Problems with executable compilation using PackageCompiler.jl

Hello everyone,
I was trying to build some julia code into command line applications with PackageCompiler.jl, but I have noticed that, still, they do rely on compiling the functions, or parts of it, on first call.
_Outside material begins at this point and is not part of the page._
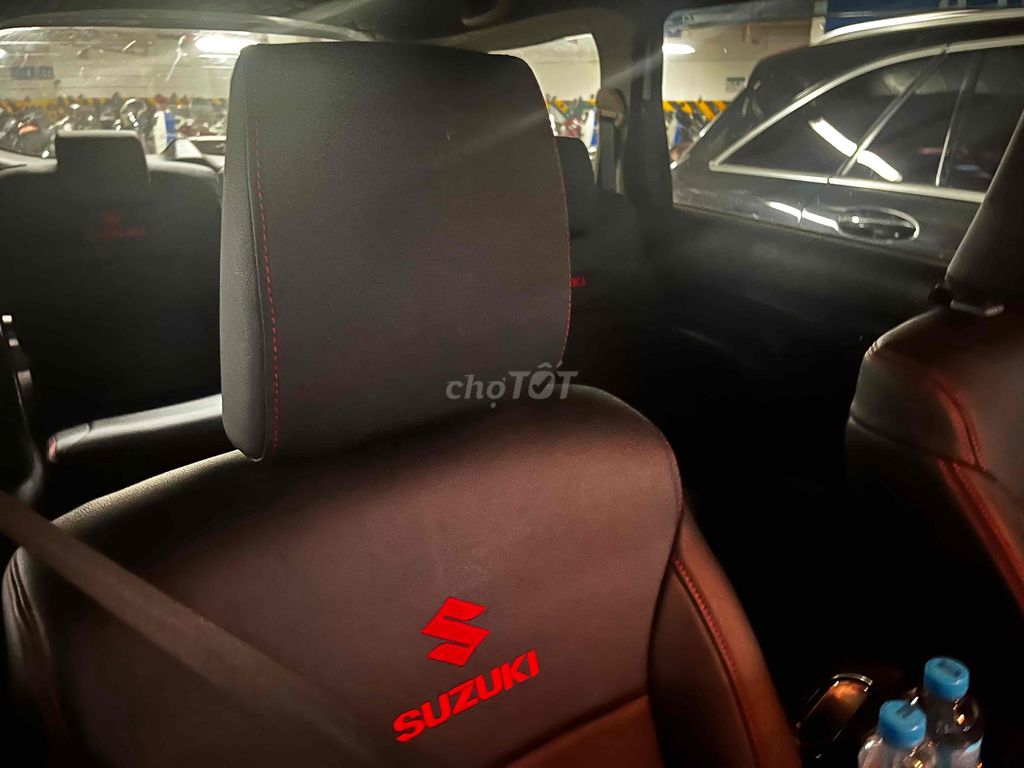 Ảnh số 8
As a working example, I have modified the hello.jl example file:

module Hello

using UnicodePlots

function plot_unicode_sine()
    println(lineplot(1:100, sin.(range(0, stop=2π, length=100))))
end

Base.@ccallable function julia_main(ARGS::Vector{String})::Cint

    @time a = 10 #Just to make sure that all things executed with @time are compiled...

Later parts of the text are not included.